## DIRECTIONS FOR THIS TASK:
This exercise asks for an exact copy of the lines from the one containing "IPadケース ペンホルダー付き ブックスタイルデザイン" through the final line of the material, with pictures omitted.
** SUPPLIED DATA follows **
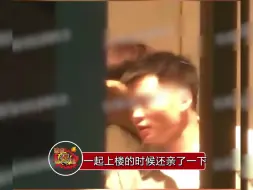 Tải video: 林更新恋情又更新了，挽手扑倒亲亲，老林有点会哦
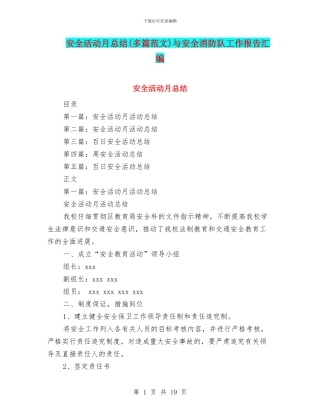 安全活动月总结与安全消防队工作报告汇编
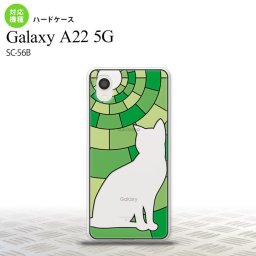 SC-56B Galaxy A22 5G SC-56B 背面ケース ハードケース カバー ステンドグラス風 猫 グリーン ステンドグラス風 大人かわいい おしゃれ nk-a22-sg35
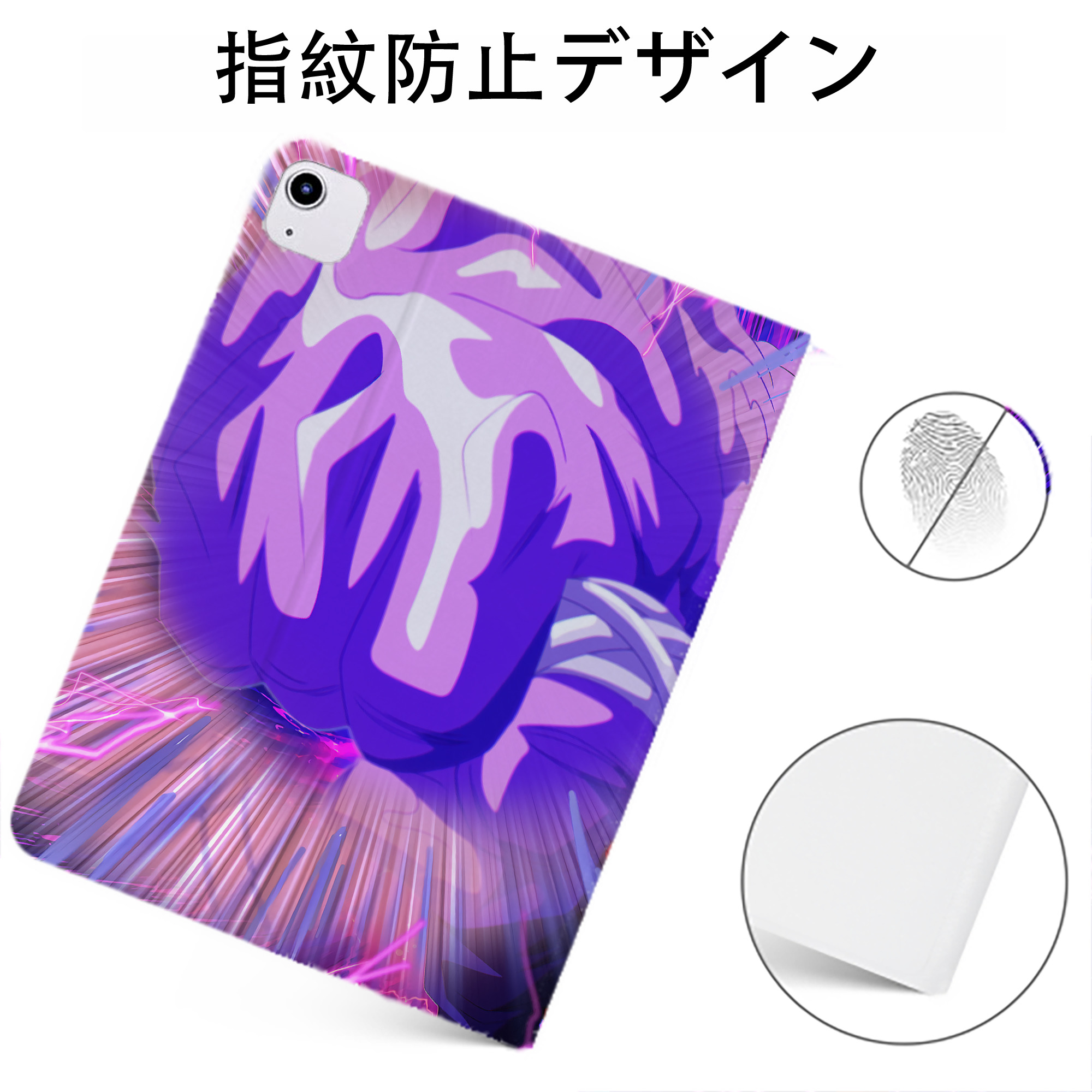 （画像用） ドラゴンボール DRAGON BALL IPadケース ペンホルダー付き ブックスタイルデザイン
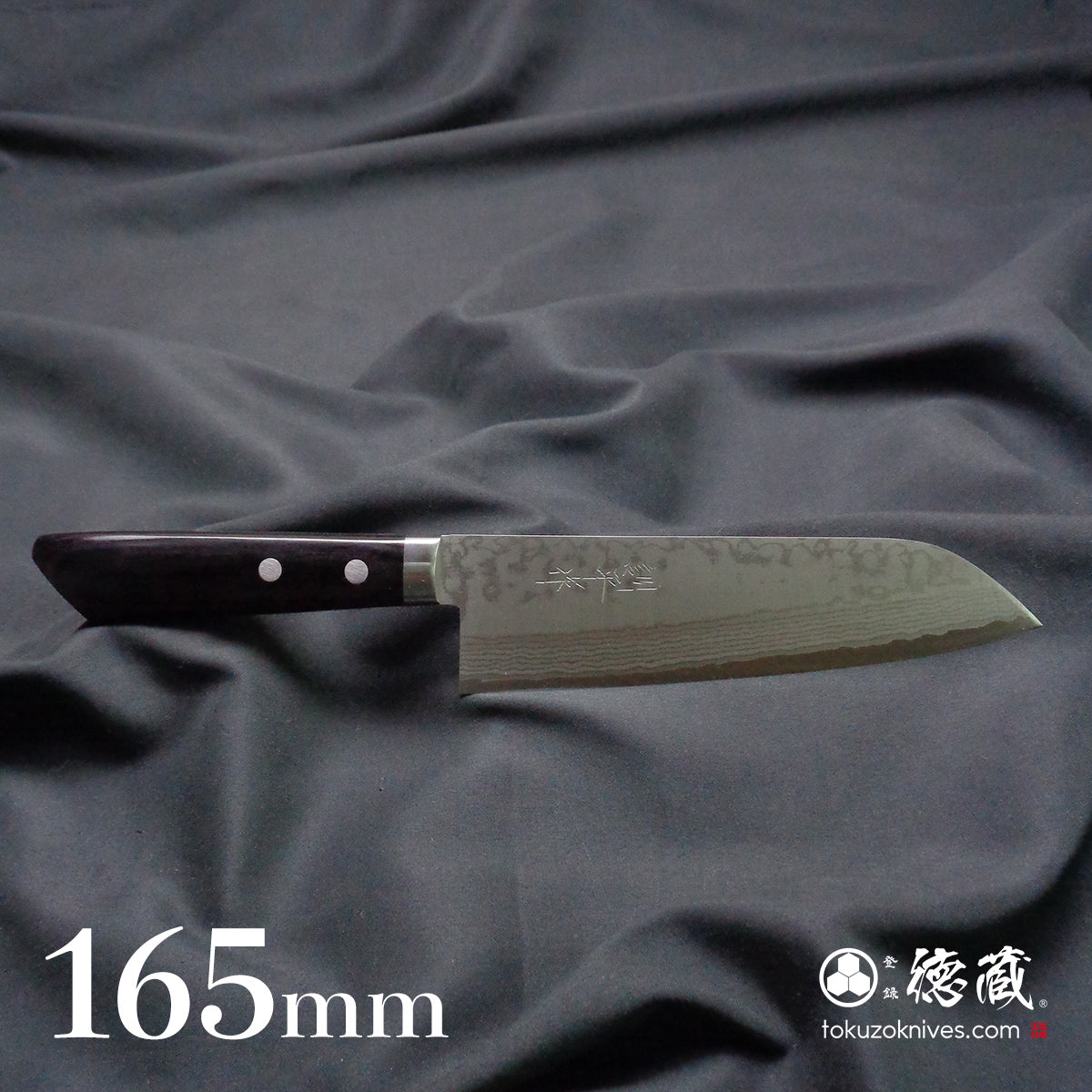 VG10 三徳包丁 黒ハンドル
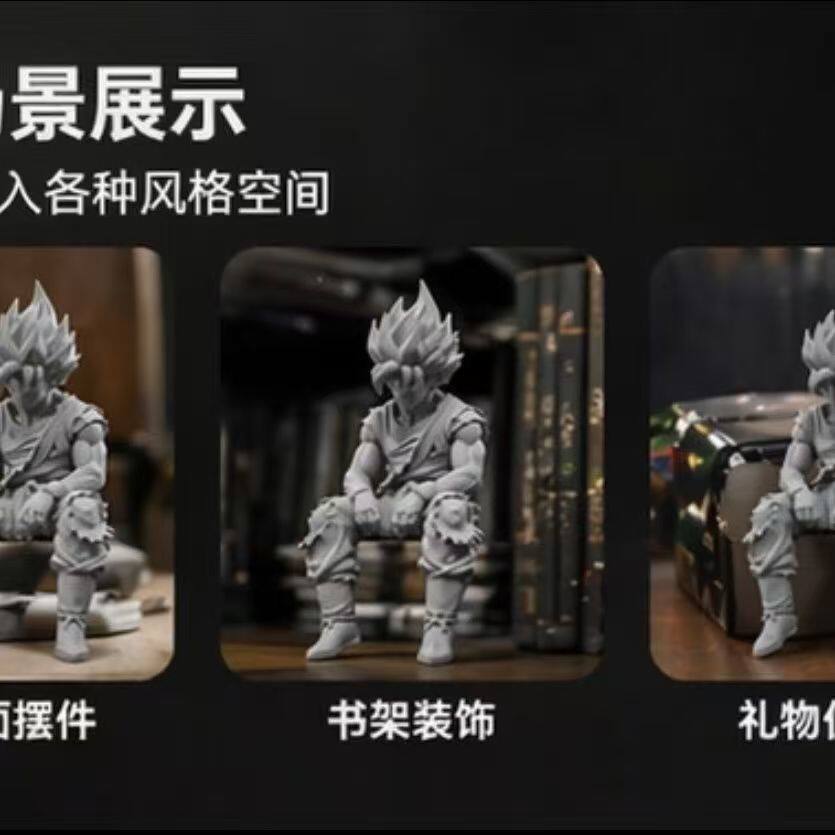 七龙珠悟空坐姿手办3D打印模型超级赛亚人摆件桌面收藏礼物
** End of SUPPLIED DATA **
## FINISHED TASK:
 （画像用） ドラゴンボール DRAGON BALL IPadケース ペンホルダー付き ブックスタイルデザイン
 VG10 三徳包丁 黒ハンドル
 七龙珠悟空坐姿手办3D打印模型超级赛亚人摆件桌面收藏礼物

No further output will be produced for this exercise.